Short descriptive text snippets
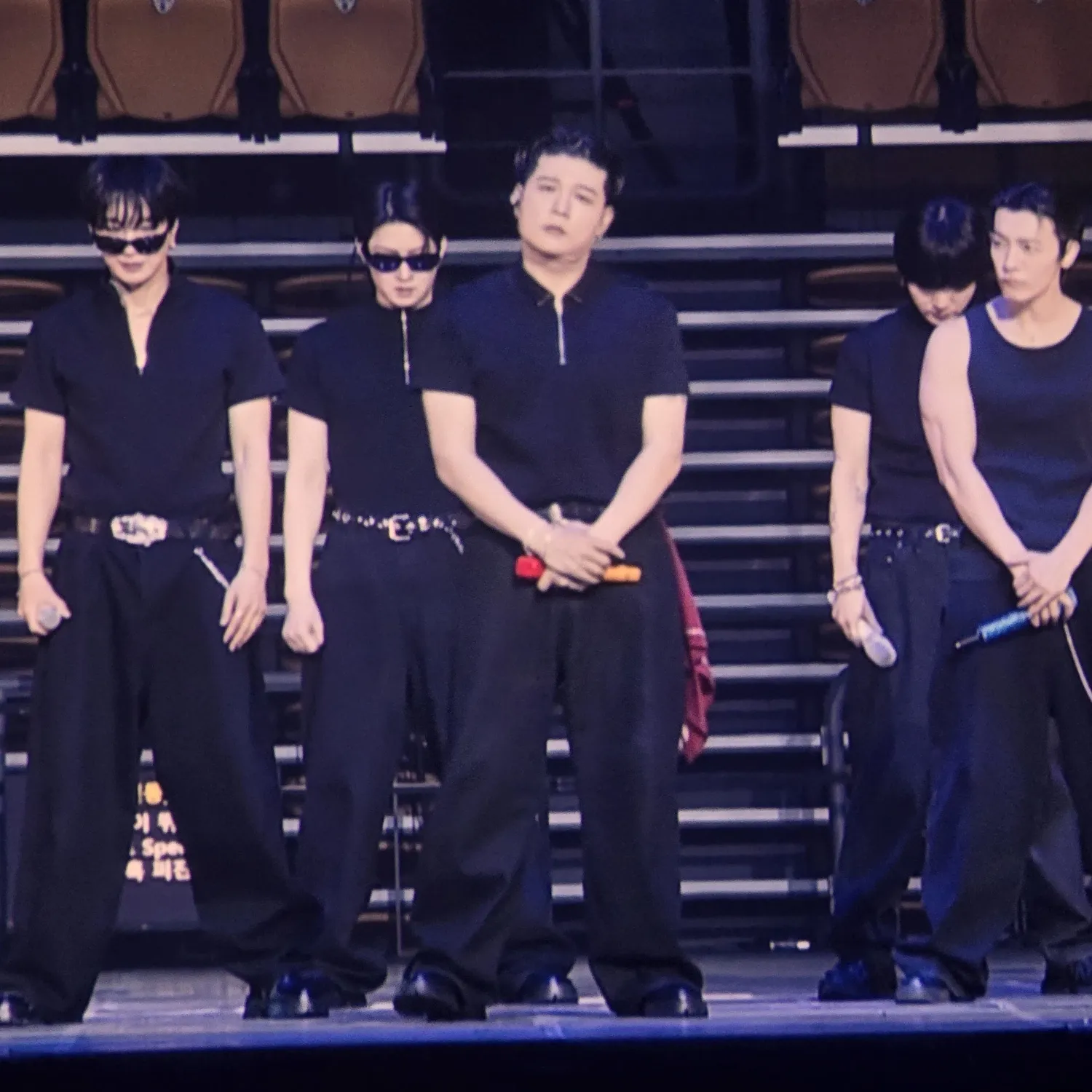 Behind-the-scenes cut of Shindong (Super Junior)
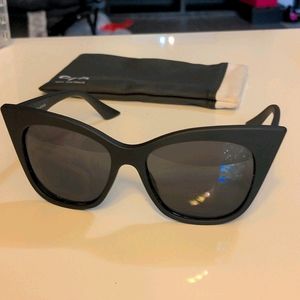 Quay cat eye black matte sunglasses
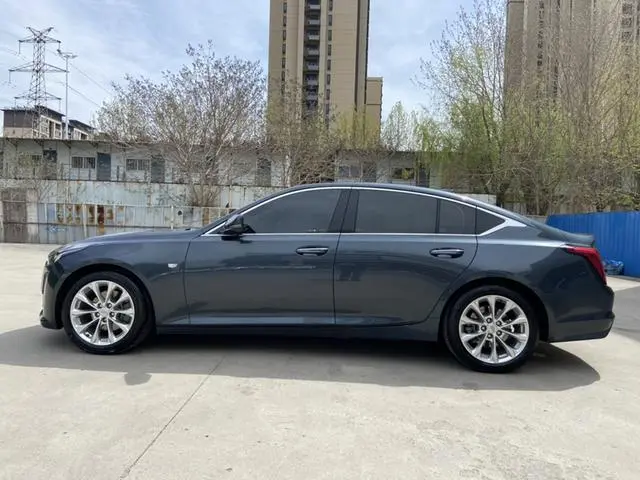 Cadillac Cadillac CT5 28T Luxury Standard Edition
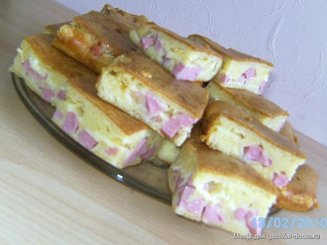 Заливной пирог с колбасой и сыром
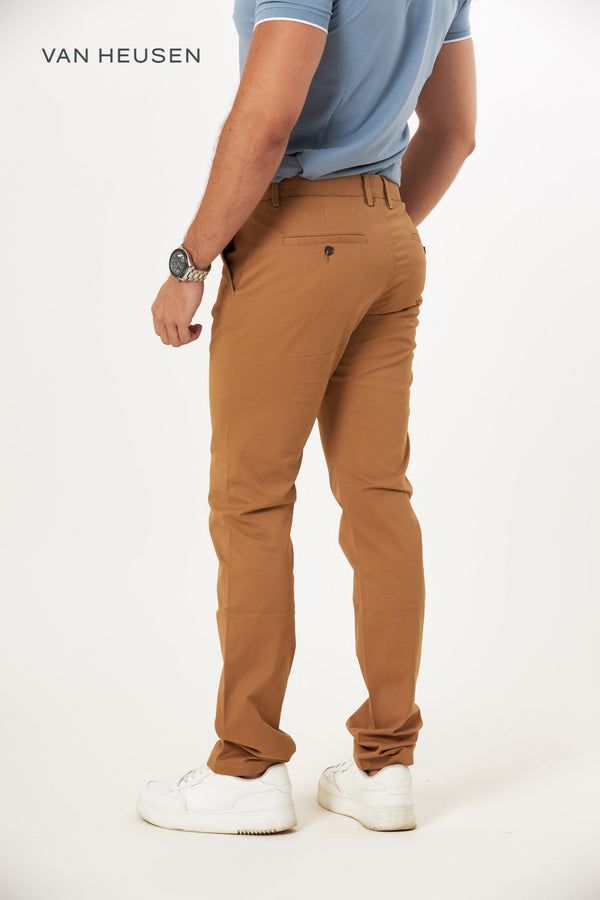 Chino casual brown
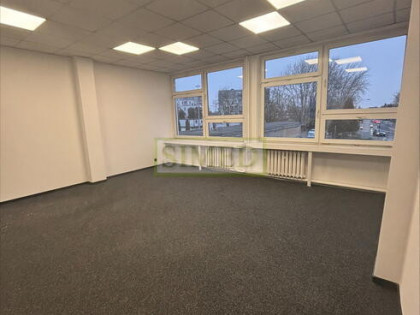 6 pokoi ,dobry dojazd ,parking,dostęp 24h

Problem description. With the images omitted, retype the records above exactly.

Solution.
 Behind-the-scenes cut of Shindong (Super Junior)
 Quay cat eye black matte sunglasses
 Cadillac Cadillac CT5 28T Luxury Standard Edition
 Заливной пирог с колбасой и сыром
 Chino casual brown
 6 pokoi ,dobry dojazd ,parking,dostęp 24h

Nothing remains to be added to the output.